2. Die Verletzung des Art. 103 Abs. 1 GG hat besonderes Gewicht. Besonders gewichtig ist eine Grundrechtsverletzung, die auf eine generelle Vernachlässigung von Grundrechten hindeutet oder wegen ihrer Wirkung geeignet ist, den Betroffenen von der Ausübung von Grundrechten abzuhalten, wenn sie auf einer groben Verkennung des durch ein Grundrecht gewährleisteten Schutzes oder einem geradezu leichtfertigen Umgang mit grundrechtlich geschützten Positionen beruht oder wenn sie rechtsstaatliche Grundsätze krass verletzt (vgl.

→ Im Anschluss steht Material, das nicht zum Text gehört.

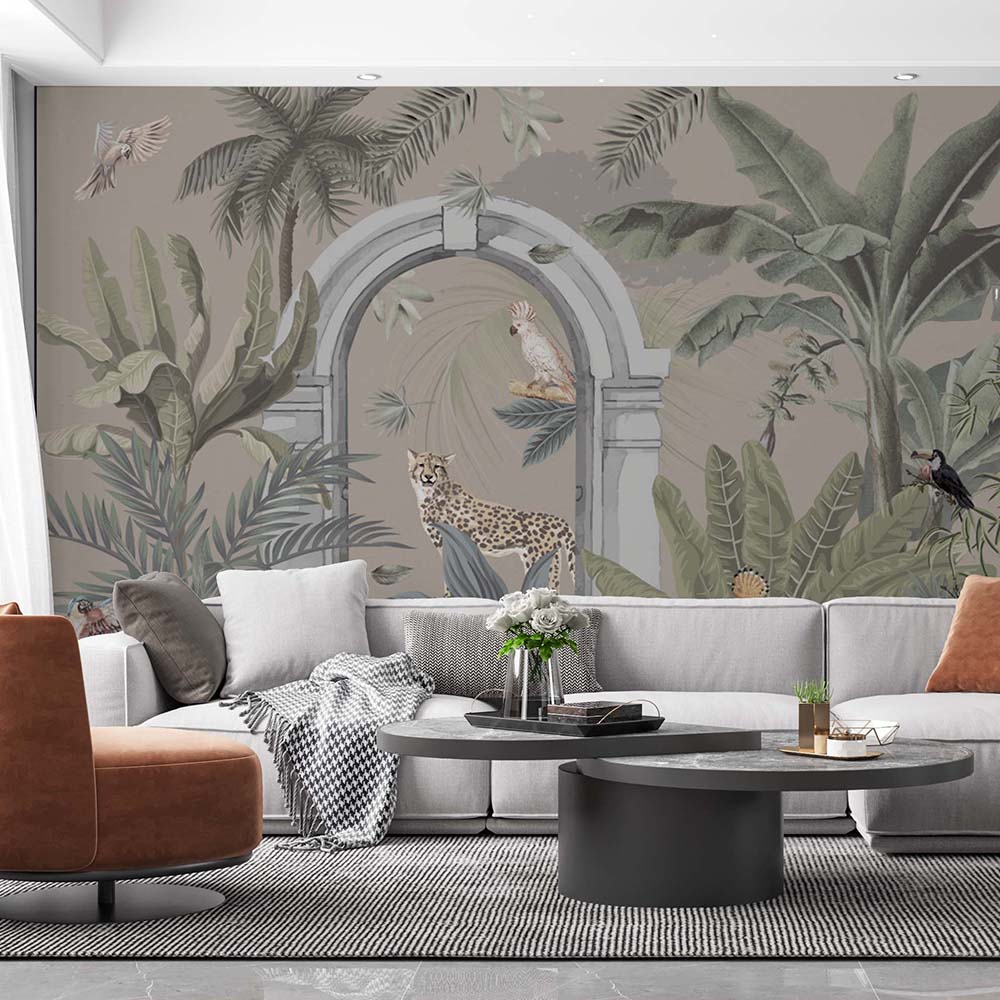 Vintage Tropical wallpaper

BVerfGE 90, 22 <25>). Im vorliegenden Fall ist von einer krassen Verletzung des Rechts auf rechtliches Gehör auszugehen. Dabei kann offen bleiben, ob dies anders zu beurteilen wäre, wenn davon ausgegangen werden könnte, dass das Oberlandesgericht den genannten Vortrag des Beschwerdeführers schlicht aus dem Blick verloren hätte. Denn zumindest bei Zurückweisung der Anhörungsrüge war dies offensichtlich nicht mehr der Fall. Stattdessen lässt die Begründung des Oberlandesgerichts die Auffassung erkennen, es habe den Vortrag des Beschwerdeführers übergehen dürfen, da dieser "in der Folge im Wesentlichen" andere Fragen thematisiert habe. Ein bewusstes Übergehen entscheidungserheblichen Vortrags einer Partei ist mit dem Recht auf rechtliches Gehör aber ganz offensichtlich unvereinbar.
3. Ob auch bezüglich der vom Beschwerdeführer als verletzt gerügten Rechte aus Art. 2 Abs. 1 i.V.m. Art. 20 Abs. 3, Art. 2 Abs. 1, Art. 2 Abs. 2 Satz 1, Art. 3 Abs. 1 und Art. 101 Abs. 1 Satz 2 die Annahmevoraussetzungen vorliegen, bedarf damit keiner Entscheidung.
Das Urteil des Oberlandesgerichts ist hiernach gemäß § 93c Abs. 2 in Verbindung mit § 95 Abs. 2 BVerfGG aufzuheben; die Sache ist an das Oberlandesgericht zurückzuverweisen. Der die Anhörungsrüge zurückweisende Beschluss des Oberlandesgerichts wird damit gegenstandslos.
Die Entscheidung über die Auslagenerstattung beruht auf § 34a Abs. 2 BVerfGG. Der nach § 37 Abs. 2 in Verbindung mit § 14 Abs. 1 RVG festzusetzende Gegenstandswert für die anwaltliche Tätigkeit beträgt 8.000 € (vgl. BVerfGE 79, 365 <367 ff.>).